Burn-out : ce que dit réellement la recherche
Équipe clinique Ezra Santé • 04/08/2026 • 7 min de lecture

L'épuisement professionnel n'est pas une simple fatigue. Trois dimensions mesurables, des facteurs organisationnels identifiés, et des interventions dont l'efficacité est documentée.
Le burn-out est défini par l'Organisation mondiale de la santé, dans la onzième révision de la Classification internationale des maladies (CIM-11), comme un « phénomène lié au travail » — et non comme une maladie mentale. Il y est décrit selon trois dimensions : un épuisement énergétique, une distance mentale ou un cynisme vis-à-vis du travail, et une baisse de l'efficacité professionnelle.
Cette définition reprend le modèle établi par Christina Maslach et Susan Jackson dès 1981 avec le Maslach Burnout Inventory, encore aujourd'hui l'instrument le plus utilisé dans la recherche. L'intérêt de ce modèle est qu'il distingue le burn-out de la dépression : le premier reste, au moins initialement, contextualisé au travail.
La recherche a surtout déplacé la responsabilité. La revue conduite par Maslach et Leiter en 2016 dans World Psychiatry montre que les prédicteurs les plus robustes du burn-out sont organisationnels : charge de travail excessive, faible autonomie, récompense insuffisante, sentiment d'injustice, conflits de valeurs.
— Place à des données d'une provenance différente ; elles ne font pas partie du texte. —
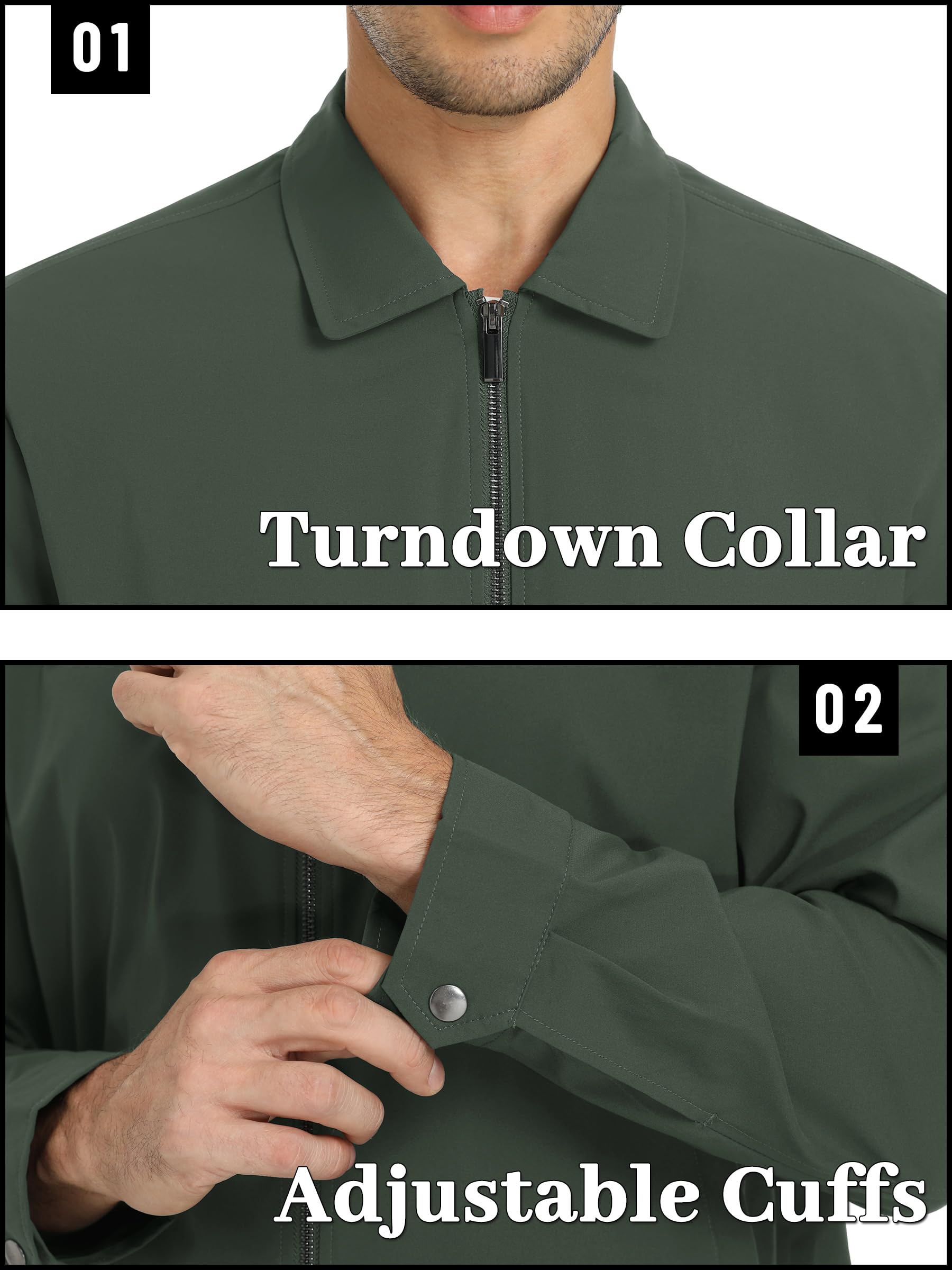 Foto 6 pulgar | Chaqueta Tacvasen Ligera para Hombre - Venta Internacional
Autrement dit, le burn-out en dit souvent plus long sur un environnement que sur la fragilité d'une personne.
Côté interventions, l'essai contrôlé randomisé publié par Panagioti et ses collègues en 2017 dans JAMA Internal Medicine, portant sur les médecins, conclut que les interventions individuelles (thérapie cognitivo-comportementale, entraînement à la pleine conscience) réduisent significativement le burn-out — mais que les interventions organisationnelles produisent des effets plus importants encore.
Ce que cela change en pratique : un accompagnement utile travaille les deux plans. En séance, on identifie les signaux précoces, on restaure le sommeil et les limites, on retravaille les exigences internes. En parallèle, on prépare concrètement la conversation à tenir avec l'employeur ou la réorganisation à demander.
Le repère clinique le plus simple reste celui-ci : lorsque la fatigue ne se répare plus par le repos habituel et qu'elle s'accompagne d'un désengagement pour ce qui comptait auparavant, il est temps de consulter — sans attendre l'arrêt.
Sources
- 1.Organisation mondiale de la santé, « Burn-out an occupational phenomenon: International Classification of Diseases », 28 mai 2019.
- 2.Maslach C., Jackson S. E., « The measurement of experienced burnout », Journal of Occupational Behaviour, 1981, 2(2), 99-113.
- 3.Maslach C., Leiter M. P., « Understanding the burnout experience: recent research and its implications for psychiatry », World Psychiatry, 2016, 15(2), 103-111.
- 4.Panagioti M. et al., « Controlled Interventions to Reduce Burnout in Physicians: A Systematic Review and Meta-analysis », JAMA Internal Medicine, 2017, 177(2), 195-205.